Segment Start: Data extract

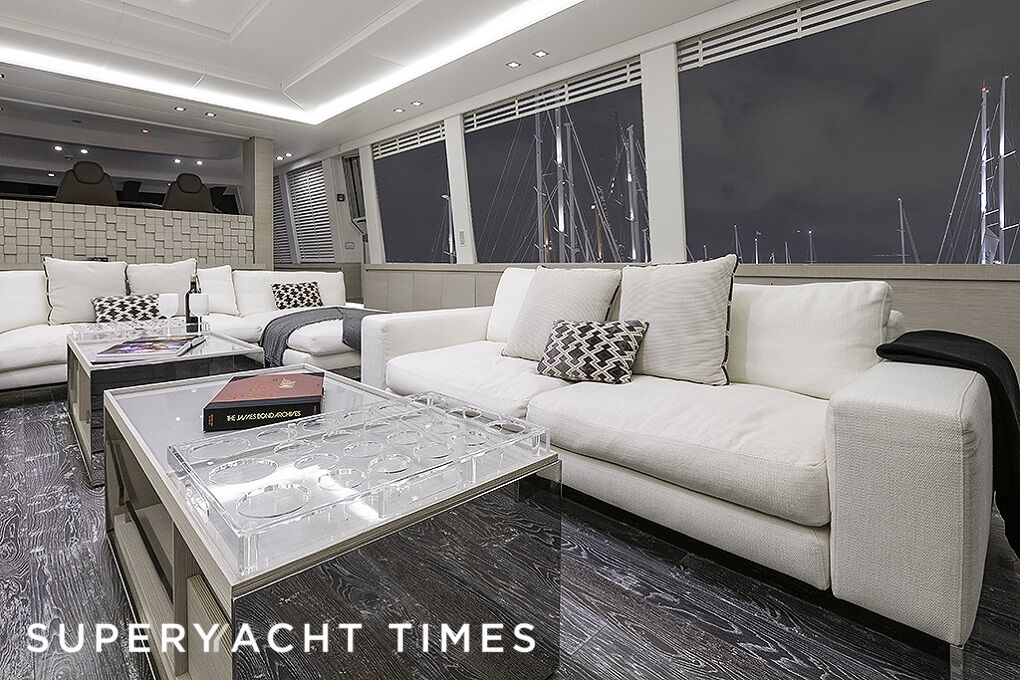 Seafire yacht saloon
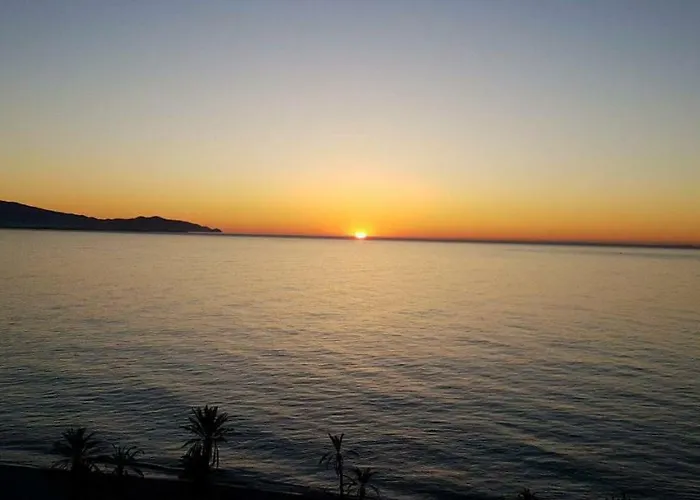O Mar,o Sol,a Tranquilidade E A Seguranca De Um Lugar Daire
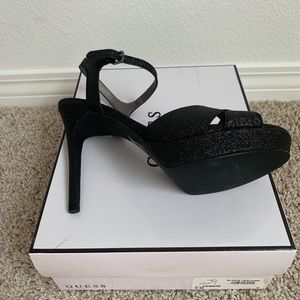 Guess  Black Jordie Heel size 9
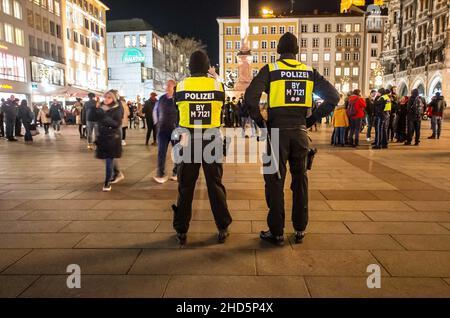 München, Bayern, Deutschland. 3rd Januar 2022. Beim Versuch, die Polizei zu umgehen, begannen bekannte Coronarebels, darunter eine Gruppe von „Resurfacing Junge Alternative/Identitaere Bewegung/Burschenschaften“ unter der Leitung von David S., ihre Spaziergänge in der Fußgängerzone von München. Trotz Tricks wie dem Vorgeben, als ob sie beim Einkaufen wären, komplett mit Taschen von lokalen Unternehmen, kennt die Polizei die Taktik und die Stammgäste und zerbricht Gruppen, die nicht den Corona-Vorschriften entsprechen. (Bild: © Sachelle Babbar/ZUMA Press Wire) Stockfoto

Segment End: Data extract
Segment Start: Data extract

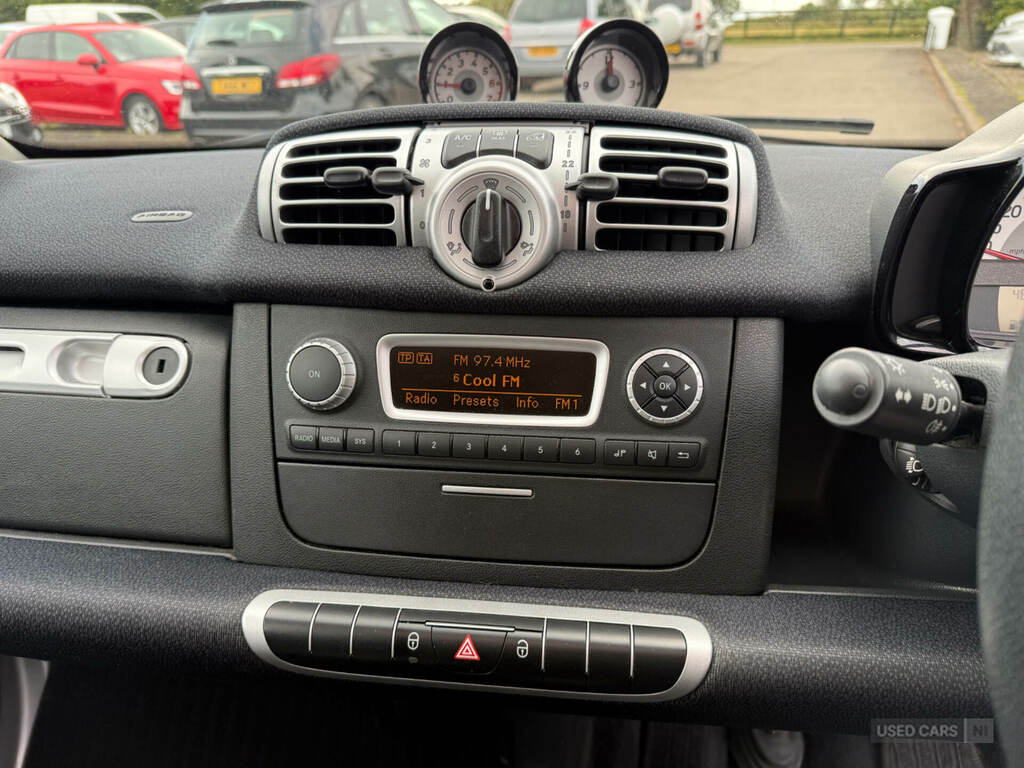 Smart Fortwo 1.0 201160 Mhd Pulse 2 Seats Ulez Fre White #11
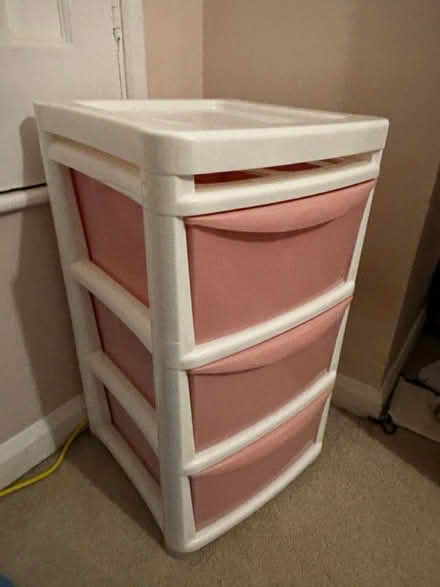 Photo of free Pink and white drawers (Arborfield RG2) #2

Segment End: Data extract
Segment Start: Data extract

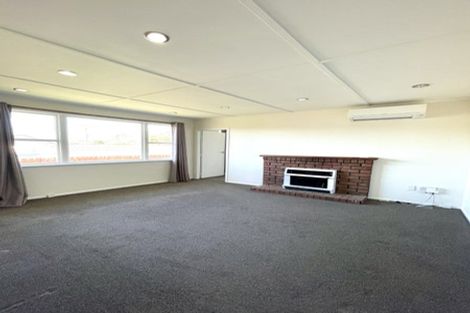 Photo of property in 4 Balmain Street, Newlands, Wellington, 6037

Segment End: Data extract

Exercise details:
Taking the entries above, extract every line from the one bearing "Smart Fortwo 1.0" through the one bearing "Photo of free", exactly, with no pictures.

Answer space:
 Smart Fortwo 1.0 201160 Mhd Pulse 2 Seats Ulez Fre White #11
 Photo of free Pink and white drawers (Arborfield RG2) #2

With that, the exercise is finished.